When we refer to the quality of the the air we breathe we often refer to the pollutants in in the context of being outside, but did you realize that often the air we breathe outside is better quality than the air we breathe inside? Unfortunately in many cases we are totally unaware that the things we bring into our home on a daily basis could actually be reducing our indoor air quality. In fact studies have shown that things such as candles, printers, and even shoes can fill your rooms with harmful contaminants


You may decide to replace your carpet to actually reduce pollutants, however, the adhesives used can often be toxic to the air we breathe. If you are arranging an installation request formaldehyde-free adhesives with low volatile organic compound (VoC) levels. Once your new carpet has been installed try and keep the windows open for a few days and try not spend too much time in the room during that time. 

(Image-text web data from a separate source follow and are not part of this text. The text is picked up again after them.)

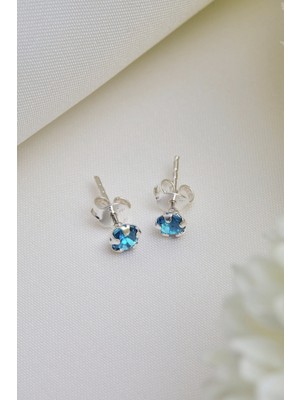 Normadia Şık Kadın 925 Ayar Gümüş Tek Taş Küpe, Zarif ve Parlak Tasarım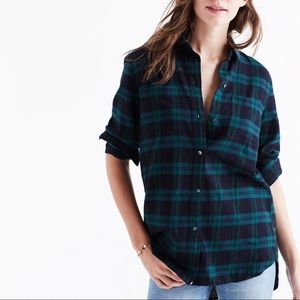 Madewell Classic Ex-Boyfriend Shirt in Dark Plaid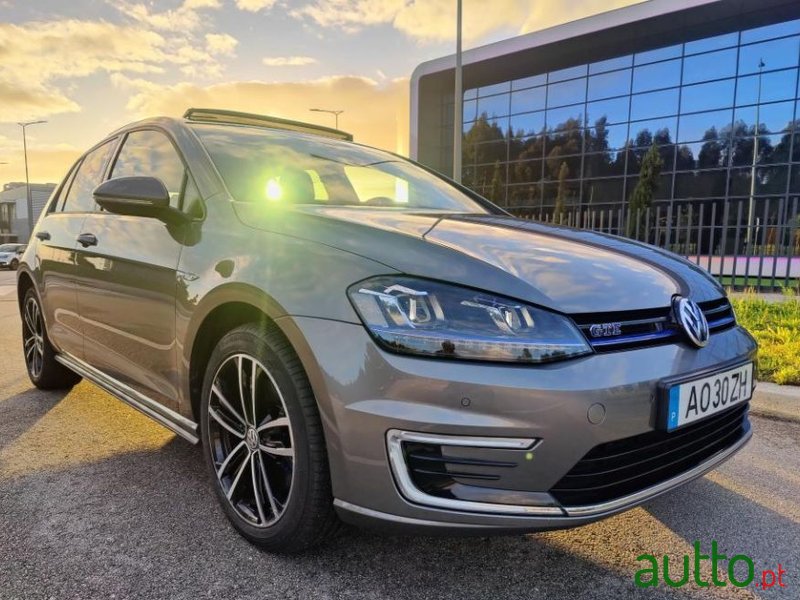 2016' Volkswagen Golf photo #1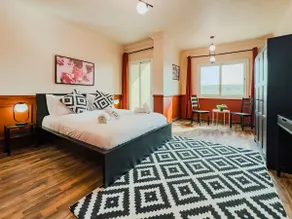 Distinct & Decent 2 BDR Apt Steps From Nightlife and Airport - Image 2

Let’s face it we all need and use cleaning products daily but some can contain VoCs that impact indoor air quality. These compounds can cause symptoms like headaches, dizziness and nausea, as well as long-term health effects due to prolonged exposure. With so many natural and eco-friendly cleaning products available at your local supermarket it is easy to make the swap. When using, even your eco-friendly cleaning products, it is advisable to use them in well-ventilated areas and keep the fans running throughout the cleaning period.


Who doesn’t love lighting a candle to create a cozy ambiance or add some scent to your room or bathroom. Beware though, if that candle is made from paraffin–as most candles are–you’re potentially harming your health. Researchers at South Carolina State University found that paraffin candles are linked to liver damage, neurological problems, and leukemia. Try and find 100 percent soy candles, they can burn at a slower rate and emit less soot.

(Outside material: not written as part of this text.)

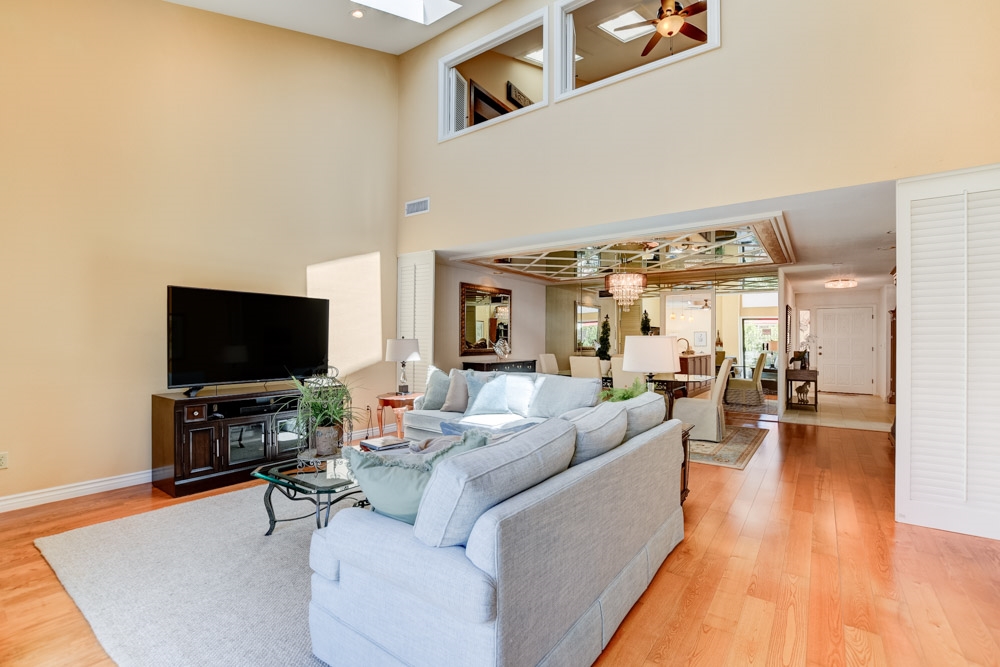 1704 Caminito Ardiente La Jolla, CA 92037 - Photo 9 of 25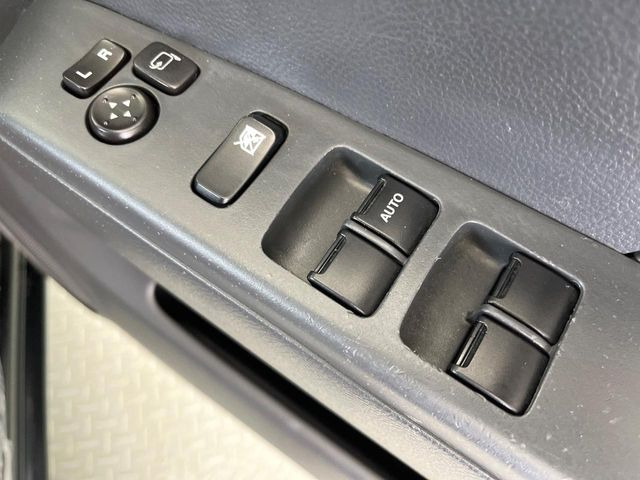 【電動格納ミラー】サイドミラーは電動格納式となっており、狭い駐車場でもキズがつくリスクを抑えられます。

If not adjusted properly, the equipment used to heat your home and cook your food can produce carbon monoxide, especially gas stoves. There are obvious dangers with carbon monoxide poisoning which can lower the air quality and make you sick. It is therefore advisable to ensure that all types of equipment are checked regularly to ensure they are not emitting dangerous fumes.

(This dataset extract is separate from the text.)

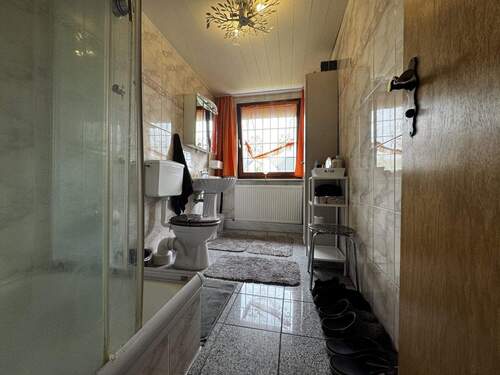 Dachgeschoss - Badezimmer... -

You don’t have to run a home office to have a printer. These days most homes have one, especially if you have children. Unfortunately your little printer sitting quietly in the corner can spray around lots of micro-particles of ink, toner, and ozone, a lung irritant. A recent Australian study found that about one-third of printers are “high emitters,” which means they churn out as many harmful airborne particles as you’d find on a high traffic street. Try and set your printer up in a well-ventilated area and stand at least 10 feet away from it during a print cycle. Also try and print in black-and-white, the color ink produces more noxious debris.


The name would suggest that we are “freshening” the air when we spray our favorite fragrance liberally, however, products used to eliminate household odors can affect indoor air quality. Once again it is always advisable to find natural odor removers, such as baking soda, vinegar and citrus.


Walking into your home without thoroughly rubbing your shoes over a durable outside mat will mean that potentially you are dragging in lead dust, paint flecks, fertilizers, and animal waste, to name but a few! Coconut-husk mats are the best types of mat for dislodging the nasty stuff and then once inside, leave your shoes on a cloth mat by the front door.